Rendering Fractals by Optimizing Pixels in JAX

2024-12-22

Update (2025-07-25)

I've ported this to CUDA and made it much faster. Check it out here.

Some Fractals I Generated

Introduction

I've been fascinated by fractals from a young age and how simple rules can generate complex patterns. In this post, I'll be going over how I used the machine learning library JAX to quickly render fractals.

Why JAX?

JAX makes it easy to write performant parallel code that can run on CPUs, GPUs, TPUs, and other accelerators. It uses XLA to compile the code to run on device, and it has a JIT compiler that can optimize your code's execution. Writing JAX code is very similar to writing NumPy code, since JAX includes many of the same APIs.

Iterated Function Systems

The type of fractal I'll be rendering is an Iterated Function System. An Iterated Function System is a collection of functions that are repeatedly applied to a starting point. By iteratively applying these functions to the starting point and tracking the result points, we can generate a fractal. Calculating the result of applying every combination of the functions to the starting point is computationally expensive, so I chose to use a fixed number of points and randomly choose which function to apply to each point, instead of applying every function to every point.

Chosen Transformations

I used a system of two functions, and chose to use the origin as the starting point. The functions I used were of the form of a composition of:

A matrix multiplication
A vector addition
A scalar multiplication by a power of the distance from the origin

In math, this looks like:

$$ \begin{bmatrix} x' \\ y' \end{bmatrix} = \frac{1}{|\ldots|^p} \left( \begin{bmatrix} a & b \\ d & e \end{bmatrix} \begin{bmatrix} x \\ y \end{bmatrix} + \begin{bmatrix} c \\ f \end{bmatrix} \right) $$

Applying Transformations

In JAX, applying this class of transformation to a list of points looks like this:

def apply_transform(x, y, settings):
    a, b, c, d, e, f, power = settings

    x_prime = x * a + y * b + c
    y_prime = x * d + y * e + f

    scale_squared = x_prime ** 2 + y_prime ** 2
    # divide by 2 for square root
    x_prime /= scale_squared ** (power / 2)
    y_prime /= scale_squared ** (power / 2)
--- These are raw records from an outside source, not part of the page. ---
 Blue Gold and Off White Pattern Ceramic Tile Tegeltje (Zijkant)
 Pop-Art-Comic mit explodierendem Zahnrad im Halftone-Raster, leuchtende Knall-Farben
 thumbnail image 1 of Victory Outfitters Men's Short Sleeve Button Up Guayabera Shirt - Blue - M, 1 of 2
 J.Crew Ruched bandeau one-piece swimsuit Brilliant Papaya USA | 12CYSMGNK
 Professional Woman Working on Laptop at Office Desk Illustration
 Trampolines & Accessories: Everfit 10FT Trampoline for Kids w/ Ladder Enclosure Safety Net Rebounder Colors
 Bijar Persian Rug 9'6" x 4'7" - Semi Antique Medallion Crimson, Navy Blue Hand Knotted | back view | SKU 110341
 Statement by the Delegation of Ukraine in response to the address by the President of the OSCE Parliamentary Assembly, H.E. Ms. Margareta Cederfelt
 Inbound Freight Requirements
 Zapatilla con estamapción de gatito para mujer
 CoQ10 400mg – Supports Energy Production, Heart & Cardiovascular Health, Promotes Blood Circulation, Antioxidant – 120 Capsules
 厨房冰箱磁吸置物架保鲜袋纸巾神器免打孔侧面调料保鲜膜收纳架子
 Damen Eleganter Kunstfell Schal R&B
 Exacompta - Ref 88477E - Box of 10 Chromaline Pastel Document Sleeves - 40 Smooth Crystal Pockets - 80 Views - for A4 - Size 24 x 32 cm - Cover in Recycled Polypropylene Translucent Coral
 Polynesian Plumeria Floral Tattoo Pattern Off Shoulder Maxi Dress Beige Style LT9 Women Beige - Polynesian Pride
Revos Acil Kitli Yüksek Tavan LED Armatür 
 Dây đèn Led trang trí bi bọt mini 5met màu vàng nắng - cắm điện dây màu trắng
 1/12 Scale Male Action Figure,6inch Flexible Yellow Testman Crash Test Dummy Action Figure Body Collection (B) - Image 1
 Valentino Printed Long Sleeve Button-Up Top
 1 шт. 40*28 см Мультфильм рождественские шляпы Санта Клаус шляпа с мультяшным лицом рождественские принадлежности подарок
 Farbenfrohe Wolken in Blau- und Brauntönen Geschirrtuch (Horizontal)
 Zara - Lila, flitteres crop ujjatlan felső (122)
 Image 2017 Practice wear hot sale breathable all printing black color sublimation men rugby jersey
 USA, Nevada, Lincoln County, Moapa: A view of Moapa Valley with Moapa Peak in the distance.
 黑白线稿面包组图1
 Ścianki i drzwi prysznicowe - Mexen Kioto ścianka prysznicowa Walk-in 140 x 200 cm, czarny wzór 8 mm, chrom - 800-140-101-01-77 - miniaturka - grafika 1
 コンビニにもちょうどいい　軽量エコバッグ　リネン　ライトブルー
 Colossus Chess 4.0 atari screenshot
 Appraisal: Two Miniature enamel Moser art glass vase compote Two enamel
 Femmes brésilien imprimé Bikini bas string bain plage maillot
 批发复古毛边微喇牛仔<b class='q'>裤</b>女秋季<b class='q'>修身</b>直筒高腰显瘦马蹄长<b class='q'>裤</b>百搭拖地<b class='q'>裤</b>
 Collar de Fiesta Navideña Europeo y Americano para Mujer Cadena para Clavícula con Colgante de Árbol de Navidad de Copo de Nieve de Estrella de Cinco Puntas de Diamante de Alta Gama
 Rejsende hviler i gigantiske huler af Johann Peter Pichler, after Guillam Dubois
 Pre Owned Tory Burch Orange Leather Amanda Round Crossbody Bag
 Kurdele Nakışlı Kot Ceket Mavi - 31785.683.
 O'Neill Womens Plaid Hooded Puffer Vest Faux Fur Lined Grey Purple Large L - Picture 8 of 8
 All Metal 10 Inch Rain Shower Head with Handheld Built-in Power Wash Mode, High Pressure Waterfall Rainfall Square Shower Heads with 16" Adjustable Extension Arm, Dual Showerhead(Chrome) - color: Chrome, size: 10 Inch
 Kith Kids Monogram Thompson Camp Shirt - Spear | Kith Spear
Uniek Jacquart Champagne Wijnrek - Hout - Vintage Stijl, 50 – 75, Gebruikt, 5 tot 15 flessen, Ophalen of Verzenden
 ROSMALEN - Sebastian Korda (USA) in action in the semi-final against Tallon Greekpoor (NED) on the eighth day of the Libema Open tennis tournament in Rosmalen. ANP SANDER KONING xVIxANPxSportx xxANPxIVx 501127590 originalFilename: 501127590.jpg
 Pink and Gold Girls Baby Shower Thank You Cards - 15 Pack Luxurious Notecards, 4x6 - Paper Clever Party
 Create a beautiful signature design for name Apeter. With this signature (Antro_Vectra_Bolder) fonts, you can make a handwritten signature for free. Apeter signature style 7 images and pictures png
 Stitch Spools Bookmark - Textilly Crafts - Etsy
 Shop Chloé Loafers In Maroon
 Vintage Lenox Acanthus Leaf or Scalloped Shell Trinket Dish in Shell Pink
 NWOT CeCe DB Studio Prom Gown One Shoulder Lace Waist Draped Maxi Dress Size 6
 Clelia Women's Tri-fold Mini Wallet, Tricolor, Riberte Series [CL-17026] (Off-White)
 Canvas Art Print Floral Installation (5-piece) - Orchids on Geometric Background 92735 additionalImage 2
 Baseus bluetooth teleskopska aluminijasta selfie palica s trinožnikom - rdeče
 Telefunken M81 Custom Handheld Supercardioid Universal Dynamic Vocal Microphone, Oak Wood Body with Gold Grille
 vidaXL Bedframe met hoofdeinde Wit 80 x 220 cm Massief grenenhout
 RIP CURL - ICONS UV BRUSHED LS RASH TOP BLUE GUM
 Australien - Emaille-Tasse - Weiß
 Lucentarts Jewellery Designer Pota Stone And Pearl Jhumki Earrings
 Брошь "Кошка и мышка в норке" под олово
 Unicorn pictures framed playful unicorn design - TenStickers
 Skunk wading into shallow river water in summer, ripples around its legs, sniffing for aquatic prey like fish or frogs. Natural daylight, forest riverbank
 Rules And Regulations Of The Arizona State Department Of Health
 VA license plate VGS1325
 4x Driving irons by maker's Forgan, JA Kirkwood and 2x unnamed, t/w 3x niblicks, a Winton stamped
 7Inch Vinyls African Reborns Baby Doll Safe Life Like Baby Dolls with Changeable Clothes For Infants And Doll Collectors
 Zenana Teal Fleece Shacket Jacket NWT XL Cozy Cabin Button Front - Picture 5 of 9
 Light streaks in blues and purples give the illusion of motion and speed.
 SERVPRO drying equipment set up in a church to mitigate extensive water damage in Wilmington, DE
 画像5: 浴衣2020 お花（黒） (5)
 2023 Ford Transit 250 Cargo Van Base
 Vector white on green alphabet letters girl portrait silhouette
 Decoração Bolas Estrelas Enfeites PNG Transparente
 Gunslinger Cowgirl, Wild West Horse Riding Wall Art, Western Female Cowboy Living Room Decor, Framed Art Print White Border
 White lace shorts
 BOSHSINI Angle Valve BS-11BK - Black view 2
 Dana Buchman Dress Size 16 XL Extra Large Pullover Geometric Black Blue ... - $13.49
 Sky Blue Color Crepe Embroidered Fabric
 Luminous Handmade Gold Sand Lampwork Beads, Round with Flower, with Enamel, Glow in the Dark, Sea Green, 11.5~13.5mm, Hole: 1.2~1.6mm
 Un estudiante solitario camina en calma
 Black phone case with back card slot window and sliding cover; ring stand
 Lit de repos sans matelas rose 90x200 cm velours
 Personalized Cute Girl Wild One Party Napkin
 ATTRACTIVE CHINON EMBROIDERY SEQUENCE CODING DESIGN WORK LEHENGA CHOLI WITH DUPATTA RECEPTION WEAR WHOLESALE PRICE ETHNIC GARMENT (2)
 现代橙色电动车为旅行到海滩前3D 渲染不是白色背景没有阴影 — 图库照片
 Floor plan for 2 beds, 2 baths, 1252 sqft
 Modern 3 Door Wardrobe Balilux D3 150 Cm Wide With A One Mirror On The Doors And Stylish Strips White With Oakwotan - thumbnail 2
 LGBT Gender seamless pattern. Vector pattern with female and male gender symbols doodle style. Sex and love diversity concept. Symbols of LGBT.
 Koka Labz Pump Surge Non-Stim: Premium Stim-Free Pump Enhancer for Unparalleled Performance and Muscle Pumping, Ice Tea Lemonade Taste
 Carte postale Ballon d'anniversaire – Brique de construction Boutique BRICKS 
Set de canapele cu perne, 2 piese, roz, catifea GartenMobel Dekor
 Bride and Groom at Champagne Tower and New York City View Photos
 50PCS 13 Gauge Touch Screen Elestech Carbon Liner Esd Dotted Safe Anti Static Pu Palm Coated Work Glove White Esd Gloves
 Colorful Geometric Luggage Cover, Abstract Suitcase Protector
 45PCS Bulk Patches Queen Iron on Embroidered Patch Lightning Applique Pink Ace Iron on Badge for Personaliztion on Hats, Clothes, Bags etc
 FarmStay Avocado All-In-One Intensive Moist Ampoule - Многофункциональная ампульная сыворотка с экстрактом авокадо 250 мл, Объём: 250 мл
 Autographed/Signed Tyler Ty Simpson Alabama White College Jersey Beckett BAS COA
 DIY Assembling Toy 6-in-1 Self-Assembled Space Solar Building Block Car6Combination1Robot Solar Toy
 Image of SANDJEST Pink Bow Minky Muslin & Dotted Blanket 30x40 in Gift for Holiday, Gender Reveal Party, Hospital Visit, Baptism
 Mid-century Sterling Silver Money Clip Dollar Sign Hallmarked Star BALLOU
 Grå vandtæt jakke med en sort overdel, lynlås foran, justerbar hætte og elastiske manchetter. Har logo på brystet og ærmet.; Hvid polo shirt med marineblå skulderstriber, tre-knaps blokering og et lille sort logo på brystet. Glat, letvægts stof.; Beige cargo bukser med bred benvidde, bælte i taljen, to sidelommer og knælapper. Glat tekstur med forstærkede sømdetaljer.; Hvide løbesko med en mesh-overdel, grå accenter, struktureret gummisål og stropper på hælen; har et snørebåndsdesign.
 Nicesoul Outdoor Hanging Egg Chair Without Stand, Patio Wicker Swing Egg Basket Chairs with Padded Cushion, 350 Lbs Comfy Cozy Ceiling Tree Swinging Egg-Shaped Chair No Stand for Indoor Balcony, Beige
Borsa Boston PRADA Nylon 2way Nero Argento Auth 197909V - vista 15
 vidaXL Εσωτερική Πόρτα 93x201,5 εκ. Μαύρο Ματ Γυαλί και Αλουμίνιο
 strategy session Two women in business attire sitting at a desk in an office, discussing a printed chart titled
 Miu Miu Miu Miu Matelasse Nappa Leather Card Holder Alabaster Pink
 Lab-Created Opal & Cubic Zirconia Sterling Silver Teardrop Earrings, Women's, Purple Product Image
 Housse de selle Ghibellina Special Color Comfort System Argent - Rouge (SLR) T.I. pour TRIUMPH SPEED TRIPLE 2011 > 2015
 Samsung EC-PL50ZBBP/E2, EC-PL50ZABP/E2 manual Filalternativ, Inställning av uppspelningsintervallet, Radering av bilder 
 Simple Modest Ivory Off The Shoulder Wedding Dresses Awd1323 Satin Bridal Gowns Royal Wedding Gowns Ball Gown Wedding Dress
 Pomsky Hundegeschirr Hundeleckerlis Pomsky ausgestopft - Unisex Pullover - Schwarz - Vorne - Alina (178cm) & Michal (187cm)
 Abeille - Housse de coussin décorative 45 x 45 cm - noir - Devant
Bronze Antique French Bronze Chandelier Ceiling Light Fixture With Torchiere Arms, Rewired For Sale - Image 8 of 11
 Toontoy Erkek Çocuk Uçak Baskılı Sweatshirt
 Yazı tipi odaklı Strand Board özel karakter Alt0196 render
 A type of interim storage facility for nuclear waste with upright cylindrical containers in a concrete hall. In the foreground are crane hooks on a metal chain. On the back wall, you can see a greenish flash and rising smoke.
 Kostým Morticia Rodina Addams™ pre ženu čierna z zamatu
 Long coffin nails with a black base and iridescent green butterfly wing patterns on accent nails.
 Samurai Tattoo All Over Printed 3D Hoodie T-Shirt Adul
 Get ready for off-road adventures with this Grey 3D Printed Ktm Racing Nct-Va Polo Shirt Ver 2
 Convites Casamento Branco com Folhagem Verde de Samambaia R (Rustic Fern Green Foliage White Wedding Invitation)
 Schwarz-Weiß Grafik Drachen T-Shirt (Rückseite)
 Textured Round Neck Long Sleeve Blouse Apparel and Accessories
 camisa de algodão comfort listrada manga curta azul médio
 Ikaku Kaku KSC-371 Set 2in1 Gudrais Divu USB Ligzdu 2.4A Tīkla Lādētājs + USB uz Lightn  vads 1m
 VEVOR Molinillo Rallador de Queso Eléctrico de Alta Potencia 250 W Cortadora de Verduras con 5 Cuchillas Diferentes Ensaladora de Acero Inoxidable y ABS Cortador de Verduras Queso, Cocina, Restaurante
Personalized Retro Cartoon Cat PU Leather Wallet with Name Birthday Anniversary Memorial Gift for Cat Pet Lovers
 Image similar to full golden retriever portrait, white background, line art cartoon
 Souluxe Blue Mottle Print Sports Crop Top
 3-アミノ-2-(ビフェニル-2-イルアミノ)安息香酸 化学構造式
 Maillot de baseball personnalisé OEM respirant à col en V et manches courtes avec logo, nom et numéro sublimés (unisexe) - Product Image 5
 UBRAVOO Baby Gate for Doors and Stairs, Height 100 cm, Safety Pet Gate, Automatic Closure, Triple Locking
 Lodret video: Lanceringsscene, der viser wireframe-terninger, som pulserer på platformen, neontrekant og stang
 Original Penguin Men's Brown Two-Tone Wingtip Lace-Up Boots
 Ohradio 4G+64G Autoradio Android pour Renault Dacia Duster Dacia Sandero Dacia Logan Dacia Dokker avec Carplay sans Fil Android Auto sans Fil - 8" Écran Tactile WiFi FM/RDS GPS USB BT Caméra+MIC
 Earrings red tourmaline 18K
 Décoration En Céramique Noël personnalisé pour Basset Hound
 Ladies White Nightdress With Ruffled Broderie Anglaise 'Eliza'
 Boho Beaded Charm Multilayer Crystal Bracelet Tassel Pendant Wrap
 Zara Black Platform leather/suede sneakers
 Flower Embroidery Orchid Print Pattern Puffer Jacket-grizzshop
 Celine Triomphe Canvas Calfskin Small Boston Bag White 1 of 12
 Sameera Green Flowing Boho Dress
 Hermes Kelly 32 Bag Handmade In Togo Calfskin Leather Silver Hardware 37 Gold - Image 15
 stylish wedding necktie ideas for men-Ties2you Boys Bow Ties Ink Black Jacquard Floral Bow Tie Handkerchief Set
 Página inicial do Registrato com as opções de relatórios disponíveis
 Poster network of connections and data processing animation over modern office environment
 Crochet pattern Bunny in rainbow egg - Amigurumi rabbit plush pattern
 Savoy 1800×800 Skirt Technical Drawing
    return x_prime, y_prime

Updating Points

The following function randomly applies one of the transforms to the points to get the next set of points. This is similar to the Chaos Game method.

import jax
import jax.numpy as jnp

dtype = jnp.float32

def update(x, y, settings, rng):
    rate, settings_1, settings_2 = settings

    # apply the first transform to the points
    x_prime_1, y_prime_1 = apply_transform(x, y, settings_1)
    # apply the second transform to the points
    x_prime_2, y_prime_2 = apply_transform(x, y, settings_2)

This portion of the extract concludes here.